Recuerdo la primera vez que viajé a los Estados Unidos, hace décadas ya, y escuché que, al continente americano, América, le llamaban «las américas», un plural que me pareció sino ofensivo sí ignorante. Esa fue mi primera reacción. Cuando regresé años después y estudié en la Universidad Estatal de Michigan, un campus enorme para unos cincuenta mil estudiantes, vi que no era ignorancia. Los profesores y estudiantes también llamaban a mi América las «américas». Es un problema de poder y de ideología. Quien tiene el poder, impone su ideología y eso incluye sus nombres.
Ahora le quieren llamar al Golfo de México, golfo de América, algo que, para nosotros, desde el Río Bravo hasta la Patagonia, nos parece ridículo.
Este continente nuestro tiene miles de millones de años y previamente, en términos generales, existían dos grandes «escudos» continentales: El amazónico y los escudos canadienses. América existía como parte de un supercontinente llamado Pangea, pero hace 200 millones de años Pangea empezó a fragmentarse. Hace unos 150 millones de años, dicen los geólogos, empezó una intensa actividad volcánica en el fondo de lo que ahora es Centro América y con continuo movimiento de las placas tectónicas sobre las que estamos se empezó a formar el istmo centroamericano, de lo que ahora es Guatemala hasta Panamá.

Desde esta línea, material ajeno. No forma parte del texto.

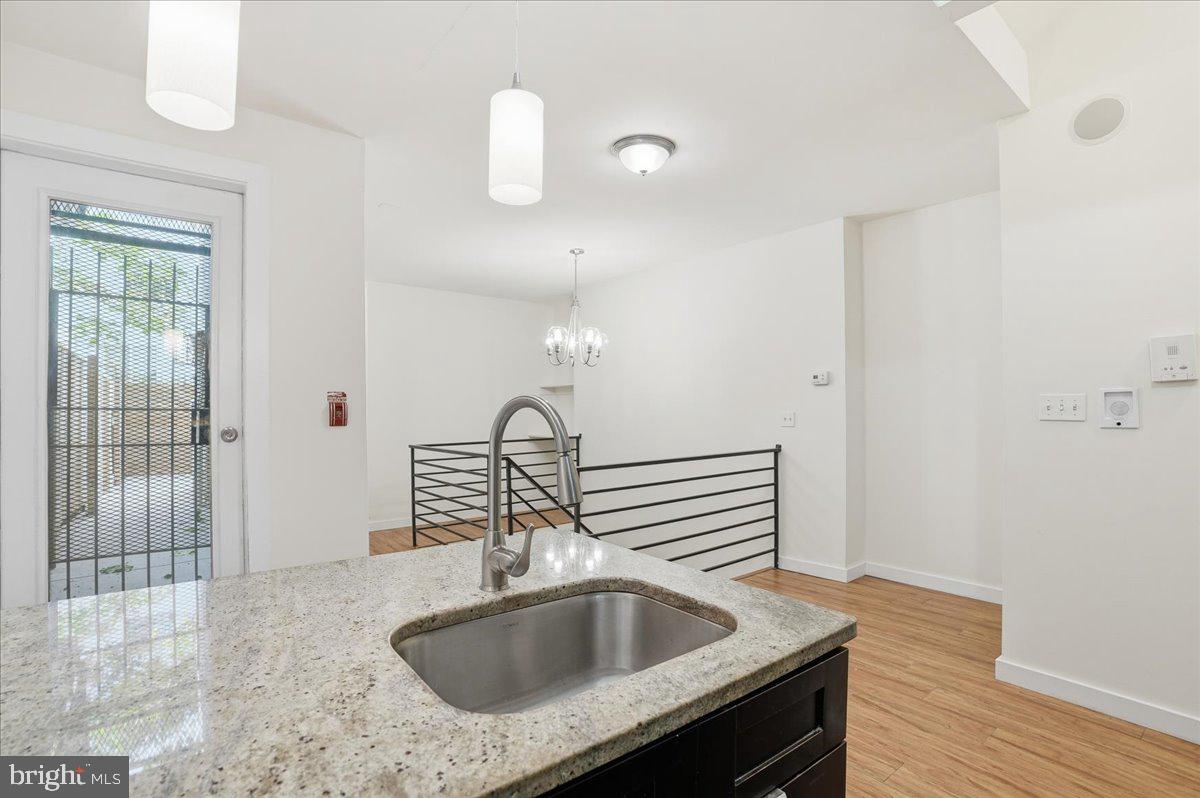 YORKTOWN - Residential Income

La conexión entre lo que ahora es Sur América y lo que es Norte América la hizo, geológicamente hablando, la emergente Centro América en aproximadamente cien millones de años. La primera vez que vi una modelación de este fenómeno geológico la vi a finales del siglo pasado en una conferencia científica en La Habana. Ahora es una modelación común en internet. Es una modelación que nos deja esa hermosa sensación a los centramericanos de saber de dónde venimos, geológicamente hablando.
Antes de la llegada de los españoles a lo que se terminó llamando América en honor a Américo Vespucio, el navegante que «descubrió», cartográficamente hablando, a América, ya existían cientos de culturas en estos territorios, culturas avanzadas, especialmente los Mayas, los Aztecas y los Incas de los que tenemos más información. No sé cuál debería ser el nombre correcto de nuestro continente. Los norteamericanos terminaron llamándole: América Latina y, por lo tanto, desde su perspectiva somos simplemente «latinos».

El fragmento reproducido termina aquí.